業績が良いのになぜか株価が下落する

 個人投資家の方とお話ししているとよく相談を受ける悩みの一つに、「業績が良い株を買ったのに株価が下落してしまった。どうすればよいか?」というものがあります。

 業績が良ければ株価も上昇する…。これは当たり前のことではありますが、現実に株式投資をしていると、必ずしもそうならないケースが多々あることが分かってきます。

 そして、業績が良いのでそもそもその株を売るつもりにもならず、持ち続けていたら、気がつけば多額の含み損を抱えた塩漬け株が出来上がってしまい、どうにもならなくなってしまう、というのが個人投資家の陥る典型的な失敗の一つです。

下落の理由(1)そもそもバリュエーションが高すぎた

 ではなぜ、業績が良いのに株価が下落をしてしまうのでしょうか? 考えられる理由はいくつかありますが、本日はその中でも代表的なものを二つご紹介します。

 一つ目の理由は、「そもそもバリュエーションが高すぎた」というものです。これは、昨年秋から足元にかけて、多くの成長株で実際に見受けられた事象です。

 例えば毎年増収増益で業績は絶好調、でもPER(株価収益率)は100倍とかなりの高水準、という銘柄も結構ありました。しかし、世界的な金利上昇とインフレにより、将来のキャッシュの価値が下落してしまいました。

 こうなると、成長株の高いPERは許容されなくなり、PERの水準訂正が生じます。

 もしマーケット参加者が、現時点でのPERの許容水準がせいぜい30倍程度だと判断していれば、PER100倍の銘柄の株価は3分の1以下にまで下落してしまいます。

 このようにして、業績が絶好調であったとしても、成長株の株価は軒並み大きく下落してしまうのです。

下落の理由(2)業績の悪化をプロ投資家が察知している

 もう一つ、大きな理由として考えられるのが、業績のピークアウトが近い、もしくはすでにピークアウトした、とプロ投資家が判断した場合です。これは特に、好景気から景気悪化へ移行する局面でよくみられます。

 好景気の間、当然ながら各企業は、その好景気が当面続くという前提で今後の業績の見通しを行います。ですから、今年度も来年度も、売り上げも利益も大きく伸びて増収増益が続く、といった業績予想を発表します。

 また、会社四季報に載っている数値も同様で、足元の景気が良ければ、それを前提とした予想数値になっています。

 しかし、ひとたび景気減速・後退の兆候が現れれば、好景気を前提とした業績予想のとおりにはならず、早晩業績予想も下方修正されます。プロ投資家はこの兆候をいち早く察知し、その銘柄への買いをストップし、逆に売りに転じてきます。
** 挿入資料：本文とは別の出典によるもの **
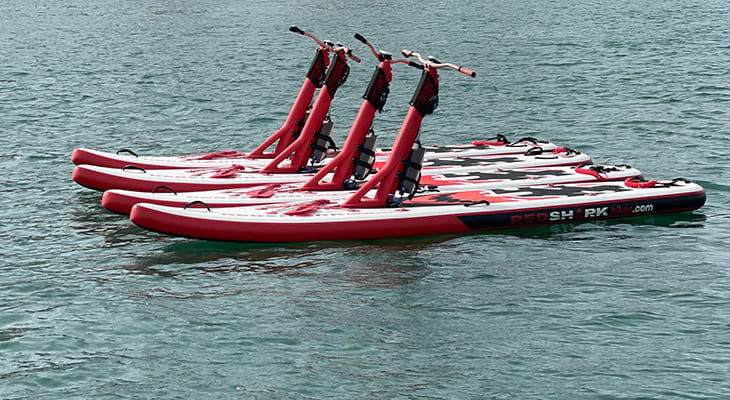 Electric Water Scooter Ride in Palm Jumeirah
 ただ、企業側から業績予想の下方修正が発表されるまでは数カ月~半年程度のタイムラグが生じるのが通常なので、それまでの間は「業績予想は絶好調なのに株価はなぜか下がり続ける」という状況が生じるのです。

 まさに足元でも、増収増益で当期も過去最高益更新という予想が出ている銘柄の株価が半値以下で売られているケースがありますが、これは(1)のバリュエーション訂正だけではなく、(2)の将来の業績悪化も織り込んでいる可能性が高いのではとみています。

筆者が実践している対処法とは?

 このような状況で、自分自身が「好業績の株を買っているのだから多少株価が下がってもそのうち戻るさ」と思っていても、実際は株価が大きく下がって塩漬け株になってしまうことは非常に多くあります。
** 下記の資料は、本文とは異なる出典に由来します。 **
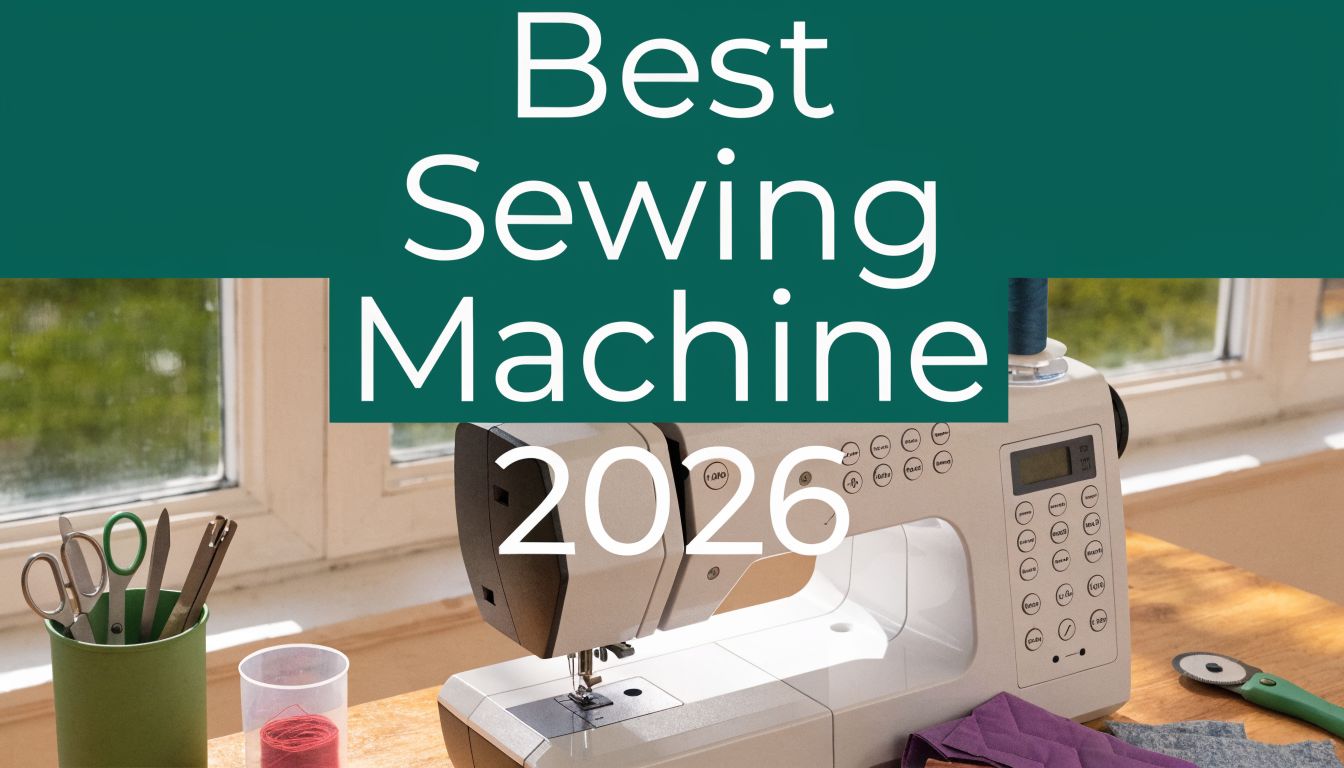 Best Sewing Machine for Quilting 2026: Top Picks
 そこで筆者は、どんなに好業績だろうが、どんなに将来有望と思っていようが、株価が25日移動平均線を割り込んだものは売却するようにしています。これにより、株価下落の初期段階で売ることができ、大きな損失を被ったり、塩漬け株をつくったりすることを避けられます。

 こう書くと、「業績が良いのだから株価が下がっても持ち続けるべきなのでは?」と思う方もいるかもしれませんが、実際問題として、業績が良いという理由で持ち続けた結果、株価の下落により大きな損失を被ってしまう個人投資家がたくさんいるのが事実です。

 ですから、まず大きな損失を回避するため、損失が大きくなる前に売却・損切りすることを徹底するのが重要です。その上で、株価が再び反発したら買い直せばよいだけです。

「持っていれば上がるかも…」は大失敗につながる思考です。「持っていれば今よりさらに大きく下がるかもしれない…」というマイナス思考でいるくらいの方が、株式投資で大失敗を避けるためにはちょうどよいと思います。